Bari Morgan

Personal information
- Full name: David Bari Rees Morgan
- Date of birth: 13 August 1980 (age 44)
- Place of birth: Carmarthen, Wales
- Position(s): Midfielder

Youth career
- 1997–1999: Swansea City

Senior career*
- Years: Team / Apps / (Gls)
- 1999–2001: Swansea City / 5 / (0)
- 2001–2014: Aberystwyth Town / 309 / (15)
- 2014–2015: Caersws / 6 / (0)

Managerial career
- 2017–2020: Aberystwyth Town (U19s Manager)
- 2021–2022: Aberystwyth Town (assistant)
- 2024–2025: Aberystwyth Town (assistant)

= Bari Morgan =

Welsh footballer and manager

David Bari Rees Morgan (born 13 August 1980) is a Welsh football coach and former footballer.

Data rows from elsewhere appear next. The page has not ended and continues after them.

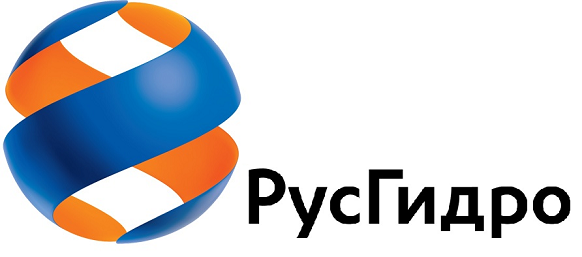 РУСГИДРО логотип на прозрачном фоне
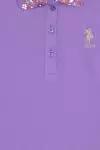 Лонгслив U.S. POLO ASSN., хлопок, размер 10-11 (140-146), фиолетовый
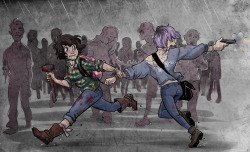 tordles:  thefingerfuckingfemalefury:  hicstreme:  You never think seriously about the zombie apocalypse until you find someone who’d make it worth surviving.  Adorable lesbians fighting zombies Is a thing that I VERY much want a movie about :D   pff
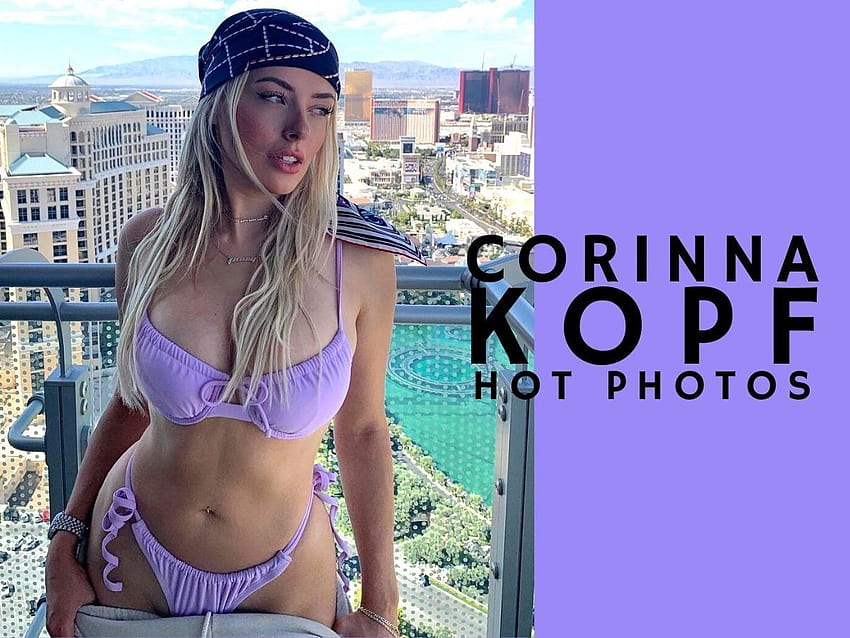 Corinna Kopf ateşli : Amerikalı model ve sosyal medya yıldızı siber uzayı stiliyle boğuyor HD duvar kağıdı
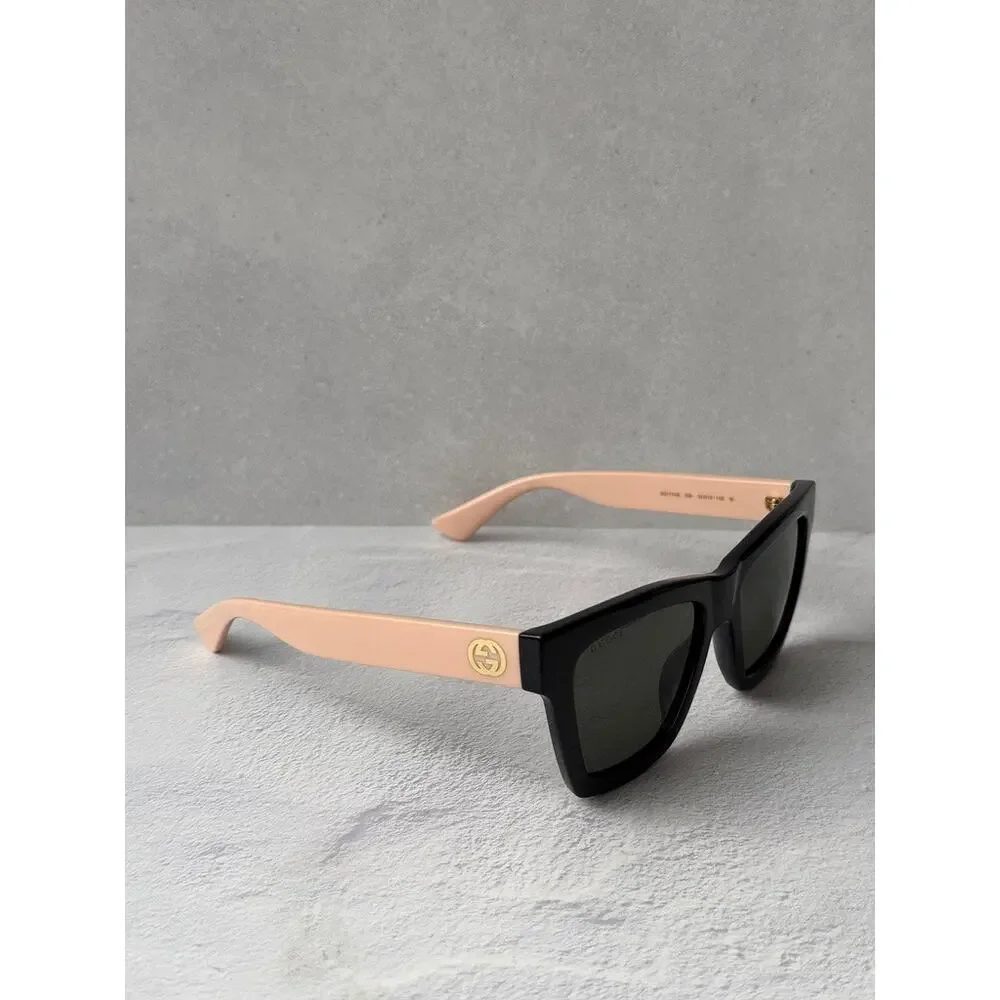 NEW Gucci GG1714S Black Pink Cat Eye Sunglasses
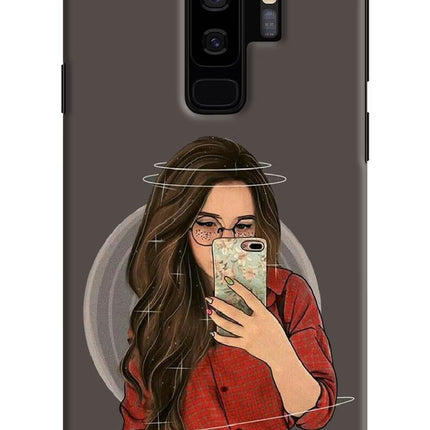 Selfie Queen Samsung S9 Plus Hard Case Back Cover by Casekaro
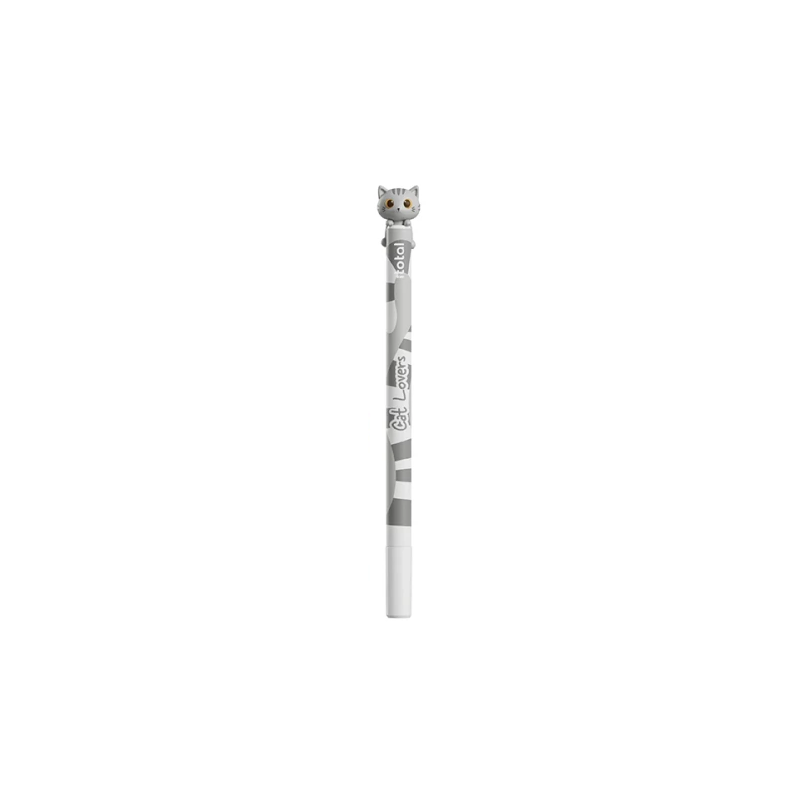 Stylo effaçable Climby - Chat Blanc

His uncle, Alan, is a former professional footballer and was formally his manager at Aberystwyth Town.

==Early life==

As a child, Morgan attended Ysgol Gyfun Aberaeron.

==Career==

Morgan began his career with Swansea City as a trainee. He signed his first professional contract with the club prior to the 1999–2000 season in July 1999 and made his first team debut on 11 January 2000 during a 2–0 defeat to Exeter City in the second round of the Football League Trophy. The following season, Morgan made five appearances for Swansea in all competitions but left the club at the end of the year, having initially been offered an extended contract. He instead joined Welsh Premier League side Aberystwyth Town where, over a nine-year period, he has gone on to make over 250 appearances in all competitions, including being named the club's player of the year for the 2003–04 season and captaining the team during their defeat to Latvian side Dinaburg FC in the 2004 UEFA Intertoto Cup.

==Personal life==

Morgan, a fluent Welsh speaker, lives in Plwmp and also works as an assistant accountant for a computer company based in the nearby village of Llanon.